Professor Scott Brewer at Harvard Law has a similar argument, which relies not on programming languages but on formal logic. He asserts that lawyers should learn to analyze, for example, appellate court decisions by making formal logic representations of the arguments made by the court, and analysing them using the methods of formal logic. Doing so reveals things that a less disciplined analysis doesn’t.

The programming languages with which I am most enthusiastic about for use in Rules as Code are built on a foundation of formal logic. Perhaps at some point something along the lines of Blawx will be used in law schools to teach legal analysis.

Wouldn’t that be something?

Speaking of Blawx, my paper on Rules as Code and Blawx just went live as a part of release 1.2 of MIT’s Computational Law Report.
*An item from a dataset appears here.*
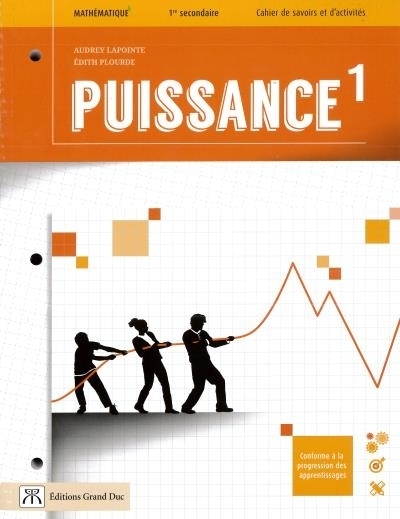Puissance 1 | Lapointe, Audrey; Plourde, Édith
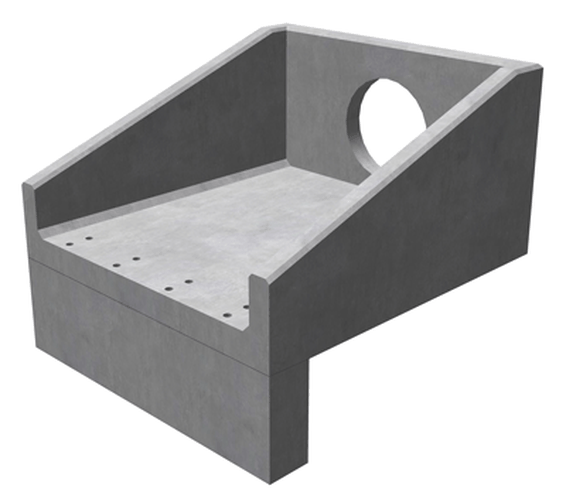 R20B 10 2450 Rectangular Headwall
I’d love your feedback.

Computational Law Job Opportunity

  • I just heard about a wonderful opportunity for a 4-year PhD with Dr. Prakken at Ultrecht University, as part of a project to generate explanations for the conclusions of “black box” artificial intelligence algorithms. Dr. Prakken is a leading expert on modelling legal arguments, and an excellent teacher.

Coming Up…

  • A piece I wrote for Slaw.ca about the SMU Centre for Computational Law will be coming out in late August.
  • I will also be participating in a Rules as Code panel on the first day (September 10) of the 2020 Legislative Drafting conference held (virtually) by the Canadian Institute for the Administration of Justice. Check their website for registration details. There are sponsored tickets available for students, I understand.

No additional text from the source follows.